I live in central Florida about an hour from WDW. I like to stay overnight, just one or two nights, when I go to WDW.  I get Florida resident discounts, I buy the annual pass so I don't really need the perks that come with direct purchase,  I have owned other time shares in the past, Wyndham and currently Vistana, I wanted to "dip my toe" into the DVC water.  I tried once to buy a small contract from DVC but got nowhere with that.  I have a small family that visits occasionally so studio or at most one bedroom is all I need.  I may have to up my purchase to 75 but if I do I want to buy one of the older resorts.  There is a Poly 50  point out there for $140 a point, but at that price I could go direct.


----------



## paluamalia (Jul 23, 2017)

littlestar said:


> As far as I know, DVC does not sell contracts in anything less than 25 point increments. I have never heard of a 15 point contract - but if that Aulani 15 point contract is not a typo, you could barely reserve one night in a studio with only 15 points.
> 
> By the way, you can buy 50 points direct from Disney as a first time purchaser.
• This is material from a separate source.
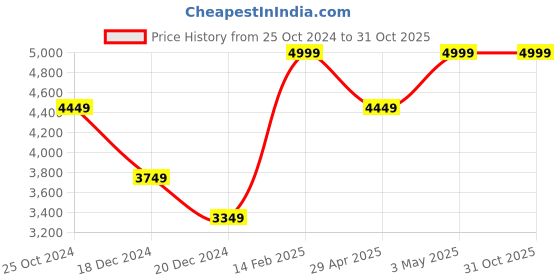 tatacliq.com Louis Philippe Navy Slim Fit Checks Trousers louis philippe Price History Graph from 25 Oct 2024 to 31 Oct 2025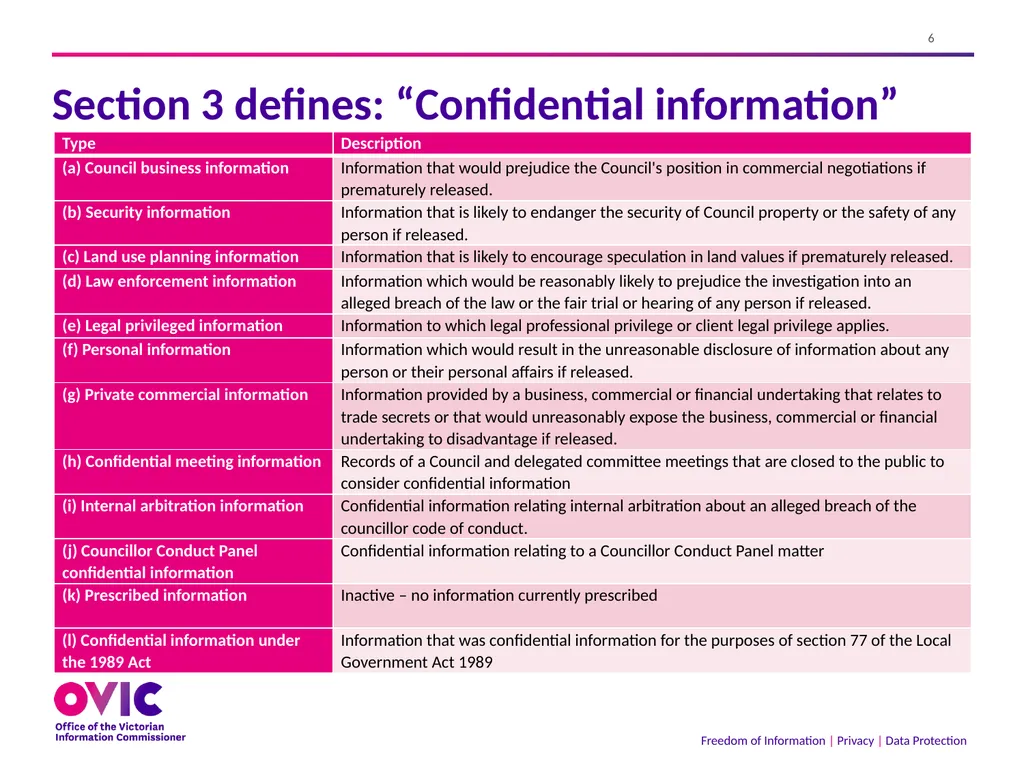 2 September 2021 The Freedom of Information Act - slide 6 of 45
I had a friend that bought a 50 point contract direct as a first DVC purchase - she purchased 50 points at Old Key West with the 2057 expiration.


I investigated that once with the salesperson they assigned to me, but got nowhere.


----------



## Dean (Jul 23, 2017)

paluamalia said:


> I live in central Florida about an hour from WDW. I like to stay overnight, just one or two nights, when I go to WDW.  I get Florida resident discounts, I buy the annual pass so I don't really need the perks that come with direct purchase,  I have owned other time shares in the past, Wyndham and currently Vistana, I wanted to "dip my toe" into the DVC water.  I tried once to buy a small contract from DVC but got nowhere with that.  I have a small family that visits occasionally so studio or at most one bedroom is all I need.  I may have to up my purchase to 75 but if I do I want to buy one of the older resorts.  There is a Poly 50  point out there for $140 a point, but at that price I could go direct.


You can buy 50 retail if you want including sold out resorts other than you MAY not be able to get Copper Creek but certainly can Poly.  Given the intricacies of small contracts and the minimal $$$ difference at 50 points for Poly, I'd still consider retail there.  For your situation are you going to be able to plan at least 7 months out?  Most going as you plan are doing more short notice which is getting more and more difficult and is not a viable plan IMO.  I'm questioning whether DVC makes sense at all.  You can always find someone to rent from on a regular basis.


paluamalia said:


> I investigated that once with the salesperson they assigned to me, but got nowhere.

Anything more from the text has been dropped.